Numerical Optimal Control
Every closed form we have prized — the
LQR gain,
a bang-bang switching curve, a tidy two-point boundary problem — lives in a small, friendly corner of
the subject. Step outside it, into nonlinear dynamics, awkward constraints, and high dimensions, and
the pencil runs out. There the only way forward is to compute. Numerical optimal
control turns the
maximum
principle and the
Hamilton–Jacobi–Bellman
equation into algorithms a machine can run, and it splits into two great families,
distinguished by when you discretise.
Indirect methods: optimise, then discretise
Indirect methods take the maximum principle at its word. First you derive the exact
optimality conditions by hand — the Hamiltonian, the costate equation, the stationarity condition —
which assemble into a two-point boundary-value problem (TPBVP): the state
x is pinned at the start, the costate \lambda is
pinned at the end, and the coupled dynamics must thread between them:
\dot{x} = \frac{\partial H}{\partial \lambda}, \qquad \dot{\lambda} = -\frac{\partial H}{\partial x}, \qquad x(0) = x_0,\ \ \lambda(T) = \frac{\partial \varphi}{\partial x}\big(x(T)\big).
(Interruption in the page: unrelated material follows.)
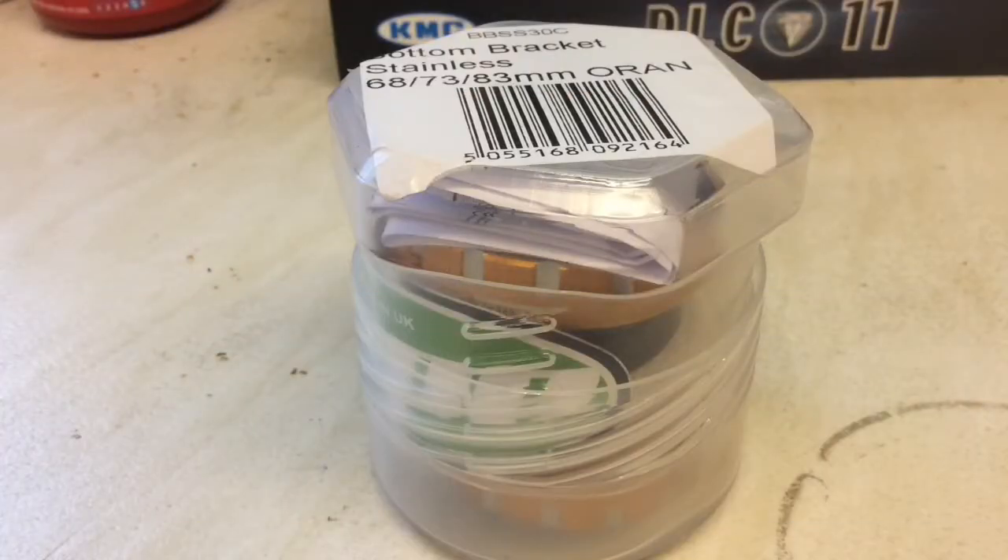This is how the Hope bottom bracket arrives. It comes in a quite nice storage pot, and it's all self-contained. We'll show you the bits that are inside the packaging.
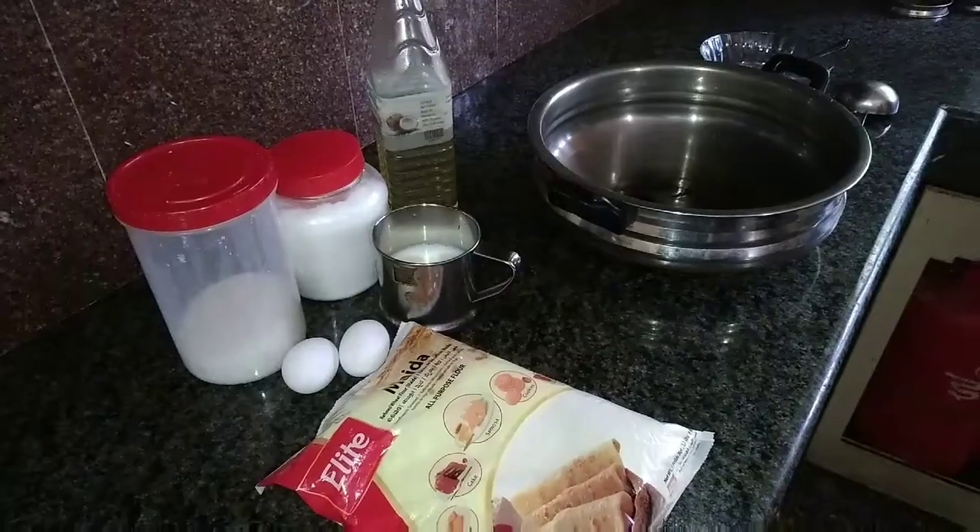Hi viewers, welcome to J.S. Kitchen recipes. We are ready to make Svandham Porotta. We will get some bread and make it a good meal, so we will be ready to eat the barota.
Only then do you reach for a computer, to solve that boundary problem numerically. The
classic tool is shooting:
- Guess the missing initial costate \lambda(0).
- Integrate the coupled (x, \lambda) dynamics forward to
time T.
- Check the terminal condition on \lambda(T); it will be
missed.
- Adjust the guess (a Newton step on the miss) and repeat until the boundary is
hit.
Because you optimise on paper before discretising, the slogan is “optimise then
discretise.” The reward is high accuracy from the exact conditions; the catch is that
the costate is invisible and unintuitive, the Hamiltonian must be derived afresh for every problem,
and the integration is exquisitely sensitive to the initial guess — a small error in
\lambda(0) can blow up by time T.
Direct methods: discretise, then optimise
Direct methods reverse the order. They never derive a costate at all. Instead they
chop the trajectory into a finite set of nodes, replace the continuous problem with a large but
ordinary nonlinear program (NLP) in those node variables, and hand the whole thing to
an off-the-shelf optimiser — hence “discretise then optimise.” Three
styles dominate:
-
Single shooting. Make only the controls the decision variables; simulate the
trajectory forward from them and minimise the resulting cost. Simple, but it inherits the same
sensitivity as indirect shooting over a long horizon.
-
Multiple shooting. Cut the horizon into several segments, integrate each
independently from its own starting state, and add continuity constraints forcing
the segments to join. Breaking up the long integration tames the blow-up and makes the problem far
better conditioned.
-
Collocation. Make the states and controls at every node decision
variables, approximate the trajectory by polynomials between nodes, and enforce the dynamics as
equality constraints at chosen collocation points — the defect
x_{i+1} - x_i - \int f \,\approx\, 0 must vanish at each. The dynamics
become constraints in the NLP rather than something you integrate.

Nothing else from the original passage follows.